Stored entries:
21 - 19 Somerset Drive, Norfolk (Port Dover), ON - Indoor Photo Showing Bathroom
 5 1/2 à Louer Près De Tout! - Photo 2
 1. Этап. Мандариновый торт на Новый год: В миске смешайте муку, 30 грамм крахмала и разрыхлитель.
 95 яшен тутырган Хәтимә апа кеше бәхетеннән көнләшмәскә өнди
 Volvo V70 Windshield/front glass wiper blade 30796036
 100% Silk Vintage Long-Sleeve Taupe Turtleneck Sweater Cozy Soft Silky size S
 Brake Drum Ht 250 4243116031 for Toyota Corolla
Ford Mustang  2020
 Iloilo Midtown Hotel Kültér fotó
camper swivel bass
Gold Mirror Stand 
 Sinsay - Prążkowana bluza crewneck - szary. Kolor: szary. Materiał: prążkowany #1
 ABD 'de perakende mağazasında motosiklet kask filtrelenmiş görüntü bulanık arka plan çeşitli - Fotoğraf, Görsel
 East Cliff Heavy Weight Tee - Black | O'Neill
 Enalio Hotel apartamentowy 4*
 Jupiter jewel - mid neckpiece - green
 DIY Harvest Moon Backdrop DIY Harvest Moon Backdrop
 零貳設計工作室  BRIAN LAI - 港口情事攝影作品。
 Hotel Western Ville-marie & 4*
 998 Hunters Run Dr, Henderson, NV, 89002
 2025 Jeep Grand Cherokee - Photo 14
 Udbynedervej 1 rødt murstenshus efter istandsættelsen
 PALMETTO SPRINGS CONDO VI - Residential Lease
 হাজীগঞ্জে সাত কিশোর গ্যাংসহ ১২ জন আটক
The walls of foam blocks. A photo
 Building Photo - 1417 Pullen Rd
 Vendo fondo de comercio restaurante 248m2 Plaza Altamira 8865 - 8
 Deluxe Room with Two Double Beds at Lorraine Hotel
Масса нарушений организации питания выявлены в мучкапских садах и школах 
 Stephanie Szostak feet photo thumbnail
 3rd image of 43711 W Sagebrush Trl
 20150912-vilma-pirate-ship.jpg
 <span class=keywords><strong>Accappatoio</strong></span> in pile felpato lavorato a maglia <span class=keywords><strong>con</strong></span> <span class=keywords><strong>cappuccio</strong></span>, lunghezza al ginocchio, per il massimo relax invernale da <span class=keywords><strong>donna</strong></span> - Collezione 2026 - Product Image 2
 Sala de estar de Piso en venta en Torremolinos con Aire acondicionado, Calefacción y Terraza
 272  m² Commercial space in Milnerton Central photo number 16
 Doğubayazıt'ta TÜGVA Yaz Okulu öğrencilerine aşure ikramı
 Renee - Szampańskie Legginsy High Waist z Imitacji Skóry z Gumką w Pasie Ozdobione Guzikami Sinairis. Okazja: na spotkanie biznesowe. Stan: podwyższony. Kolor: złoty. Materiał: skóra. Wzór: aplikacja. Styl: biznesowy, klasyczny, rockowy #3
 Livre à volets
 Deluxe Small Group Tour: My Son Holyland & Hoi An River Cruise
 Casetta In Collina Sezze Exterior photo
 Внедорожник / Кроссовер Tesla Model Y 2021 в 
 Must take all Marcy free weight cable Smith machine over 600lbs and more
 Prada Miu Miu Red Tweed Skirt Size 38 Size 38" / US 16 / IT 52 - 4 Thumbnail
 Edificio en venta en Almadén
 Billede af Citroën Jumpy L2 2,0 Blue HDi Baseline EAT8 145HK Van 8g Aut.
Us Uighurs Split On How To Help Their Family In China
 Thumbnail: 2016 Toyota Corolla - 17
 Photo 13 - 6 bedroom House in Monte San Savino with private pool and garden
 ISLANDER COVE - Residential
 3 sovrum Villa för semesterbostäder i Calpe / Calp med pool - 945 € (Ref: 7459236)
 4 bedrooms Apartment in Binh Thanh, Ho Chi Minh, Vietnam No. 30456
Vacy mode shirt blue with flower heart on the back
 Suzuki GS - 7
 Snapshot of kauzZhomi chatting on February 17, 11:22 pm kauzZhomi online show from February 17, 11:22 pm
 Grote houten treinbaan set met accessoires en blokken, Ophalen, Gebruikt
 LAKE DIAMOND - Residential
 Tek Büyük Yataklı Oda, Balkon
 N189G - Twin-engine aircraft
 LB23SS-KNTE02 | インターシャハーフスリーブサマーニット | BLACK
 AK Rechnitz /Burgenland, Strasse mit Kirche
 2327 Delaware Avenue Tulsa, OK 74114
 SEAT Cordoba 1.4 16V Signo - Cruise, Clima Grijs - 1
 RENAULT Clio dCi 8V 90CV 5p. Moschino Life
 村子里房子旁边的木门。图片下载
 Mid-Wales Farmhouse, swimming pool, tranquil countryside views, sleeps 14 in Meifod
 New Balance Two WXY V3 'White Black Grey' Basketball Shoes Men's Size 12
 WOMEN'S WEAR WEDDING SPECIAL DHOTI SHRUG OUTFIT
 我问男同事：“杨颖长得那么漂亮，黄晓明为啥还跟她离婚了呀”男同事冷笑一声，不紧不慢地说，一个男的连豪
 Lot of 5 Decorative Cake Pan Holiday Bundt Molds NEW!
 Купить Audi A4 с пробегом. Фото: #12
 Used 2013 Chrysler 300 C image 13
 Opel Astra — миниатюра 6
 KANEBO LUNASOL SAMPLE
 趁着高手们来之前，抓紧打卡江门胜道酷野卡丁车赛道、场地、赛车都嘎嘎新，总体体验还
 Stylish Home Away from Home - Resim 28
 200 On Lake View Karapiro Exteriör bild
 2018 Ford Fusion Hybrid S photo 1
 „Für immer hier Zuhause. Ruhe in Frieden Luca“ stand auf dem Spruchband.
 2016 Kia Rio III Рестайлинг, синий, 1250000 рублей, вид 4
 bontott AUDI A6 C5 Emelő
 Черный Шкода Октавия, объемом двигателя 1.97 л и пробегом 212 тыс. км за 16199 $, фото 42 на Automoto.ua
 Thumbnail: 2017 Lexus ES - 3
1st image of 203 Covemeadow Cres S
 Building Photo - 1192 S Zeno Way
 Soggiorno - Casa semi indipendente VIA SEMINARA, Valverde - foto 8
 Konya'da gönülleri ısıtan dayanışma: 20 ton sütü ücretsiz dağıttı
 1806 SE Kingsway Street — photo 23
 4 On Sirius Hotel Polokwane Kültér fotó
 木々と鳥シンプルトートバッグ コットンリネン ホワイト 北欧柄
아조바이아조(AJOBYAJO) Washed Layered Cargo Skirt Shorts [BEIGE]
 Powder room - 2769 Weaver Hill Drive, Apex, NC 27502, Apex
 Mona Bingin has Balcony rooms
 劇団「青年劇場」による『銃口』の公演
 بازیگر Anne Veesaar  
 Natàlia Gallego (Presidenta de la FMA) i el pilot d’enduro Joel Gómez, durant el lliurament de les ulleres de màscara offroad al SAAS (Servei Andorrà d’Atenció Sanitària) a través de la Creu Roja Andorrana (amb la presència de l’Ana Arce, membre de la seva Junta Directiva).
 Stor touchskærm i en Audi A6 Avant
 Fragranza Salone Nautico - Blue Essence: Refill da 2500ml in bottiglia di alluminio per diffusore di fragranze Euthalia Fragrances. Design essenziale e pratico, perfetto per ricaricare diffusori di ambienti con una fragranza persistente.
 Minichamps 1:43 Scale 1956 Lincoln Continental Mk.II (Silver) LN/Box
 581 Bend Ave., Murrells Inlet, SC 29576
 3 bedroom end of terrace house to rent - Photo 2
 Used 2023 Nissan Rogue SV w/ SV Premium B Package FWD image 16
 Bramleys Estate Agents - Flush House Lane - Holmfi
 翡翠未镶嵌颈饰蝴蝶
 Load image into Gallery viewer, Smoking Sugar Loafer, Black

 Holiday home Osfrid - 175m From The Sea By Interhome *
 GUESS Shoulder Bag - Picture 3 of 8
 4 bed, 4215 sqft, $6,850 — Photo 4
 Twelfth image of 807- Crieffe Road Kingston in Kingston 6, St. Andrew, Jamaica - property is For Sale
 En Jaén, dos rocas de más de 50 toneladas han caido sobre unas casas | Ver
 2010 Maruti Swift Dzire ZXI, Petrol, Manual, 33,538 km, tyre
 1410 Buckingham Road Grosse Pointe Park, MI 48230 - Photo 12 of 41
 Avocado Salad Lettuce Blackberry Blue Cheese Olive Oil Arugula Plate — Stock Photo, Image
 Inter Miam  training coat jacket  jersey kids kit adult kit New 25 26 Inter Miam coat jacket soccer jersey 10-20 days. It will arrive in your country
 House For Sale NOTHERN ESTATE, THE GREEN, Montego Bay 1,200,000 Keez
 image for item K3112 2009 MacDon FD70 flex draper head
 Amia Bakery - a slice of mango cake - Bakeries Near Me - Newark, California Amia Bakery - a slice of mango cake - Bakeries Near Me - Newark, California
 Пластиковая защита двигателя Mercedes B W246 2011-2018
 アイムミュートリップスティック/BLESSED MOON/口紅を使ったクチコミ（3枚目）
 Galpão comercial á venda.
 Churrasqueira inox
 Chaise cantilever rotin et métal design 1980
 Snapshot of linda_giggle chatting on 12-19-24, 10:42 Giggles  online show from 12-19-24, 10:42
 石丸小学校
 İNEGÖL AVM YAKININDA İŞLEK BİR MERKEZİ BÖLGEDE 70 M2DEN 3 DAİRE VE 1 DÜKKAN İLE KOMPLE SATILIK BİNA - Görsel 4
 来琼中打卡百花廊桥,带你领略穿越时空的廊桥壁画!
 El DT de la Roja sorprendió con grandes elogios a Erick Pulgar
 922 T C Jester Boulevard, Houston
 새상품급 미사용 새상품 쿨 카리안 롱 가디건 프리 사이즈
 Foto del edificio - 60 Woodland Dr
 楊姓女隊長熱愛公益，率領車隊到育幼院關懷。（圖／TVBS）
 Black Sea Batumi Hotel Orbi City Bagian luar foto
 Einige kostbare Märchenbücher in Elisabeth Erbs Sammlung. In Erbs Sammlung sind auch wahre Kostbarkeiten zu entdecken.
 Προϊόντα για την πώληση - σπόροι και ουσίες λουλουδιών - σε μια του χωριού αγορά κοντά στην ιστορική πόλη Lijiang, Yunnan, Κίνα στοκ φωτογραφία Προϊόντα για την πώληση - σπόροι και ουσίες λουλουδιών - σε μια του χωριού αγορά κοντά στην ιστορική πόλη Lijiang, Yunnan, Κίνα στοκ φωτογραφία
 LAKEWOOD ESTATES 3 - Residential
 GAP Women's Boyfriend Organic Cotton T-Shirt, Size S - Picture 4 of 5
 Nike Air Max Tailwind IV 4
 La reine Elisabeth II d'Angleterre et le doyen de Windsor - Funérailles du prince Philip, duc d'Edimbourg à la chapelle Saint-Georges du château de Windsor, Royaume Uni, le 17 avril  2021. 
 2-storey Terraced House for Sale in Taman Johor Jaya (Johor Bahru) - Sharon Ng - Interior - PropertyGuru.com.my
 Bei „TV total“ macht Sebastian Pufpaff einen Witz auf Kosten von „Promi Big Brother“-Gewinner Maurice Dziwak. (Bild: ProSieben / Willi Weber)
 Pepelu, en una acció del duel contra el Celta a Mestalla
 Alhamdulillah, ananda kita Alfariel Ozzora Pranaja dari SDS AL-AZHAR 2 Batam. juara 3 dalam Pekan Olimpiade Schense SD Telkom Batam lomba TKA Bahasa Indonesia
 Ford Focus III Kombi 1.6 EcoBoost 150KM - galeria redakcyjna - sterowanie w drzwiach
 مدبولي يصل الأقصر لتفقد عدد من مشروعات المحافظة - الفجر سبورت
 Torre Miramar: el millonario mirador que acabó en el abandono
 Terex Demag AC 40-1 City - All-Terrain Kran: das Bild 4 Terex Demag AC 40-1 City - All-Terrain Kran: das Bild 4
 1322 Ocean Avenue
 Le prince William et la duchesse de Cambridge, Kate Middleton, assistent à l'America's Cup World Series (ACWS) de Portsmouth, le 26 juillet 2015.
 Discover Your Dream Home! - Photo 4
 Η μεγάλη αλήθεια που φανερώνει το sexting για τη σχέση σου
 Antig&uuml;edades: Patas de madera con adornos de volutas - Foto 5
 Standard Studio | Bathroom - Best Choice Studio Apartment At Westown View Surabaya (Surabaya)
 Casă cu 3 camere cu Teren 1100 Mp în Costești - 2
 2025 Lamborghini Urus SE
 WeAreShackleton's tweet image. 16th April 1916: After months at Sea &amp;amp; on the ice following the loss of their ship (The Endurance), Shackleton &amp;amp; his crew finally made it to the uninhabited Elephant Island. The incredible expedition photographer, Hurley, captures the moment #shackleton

▶ **Work order**
Up to and including the line with "Enalio Hotel apartamentowy 4*", write out the records above exactly, starting from their first line.

▶ **Response area**
21 - 19 Somerset Drive, Norfolk (Port Dover), ON - Indoor Photo Showing Bathroom
 5 1/2 à Louer Près De Tout! - Photo 2
 1. Этап. Мандариновый торт на Новый год: В миске смешайте муку, 30 грамм крахмала и разрыхлитель.
 95 яшен тутырган Хәтимә апа кеше бәхетеннән көнләшмәскә өнди
 Volvo V70 Windshield/front glass wiper blade 30796036
 100% Silk Vintage Long-Sleeve Taupe Turtleneck Sweater Cozy Soft Silky size S
 Brake Drum Ht 250 4243116031 for Toyota Corolla
Ford Mustang  2020
 Iloilo Midtown Hotel Kültér fotó
camper swivel bass
Gold Mirror Stand 
 Sinsay - Prążkowana bluza crewneck - szary. Kolor: szary. Materiał: prążkowany #1
 ABD 'de perakende mağazasında motosiklet kask filtrelenmiş görüntü bulanık arka plan çeşitli - Fotoğraf, Görsel
 East Cliff Heavy Weight Tee - Black | O'Neill
 Enalio Hotel apartamentowy 4*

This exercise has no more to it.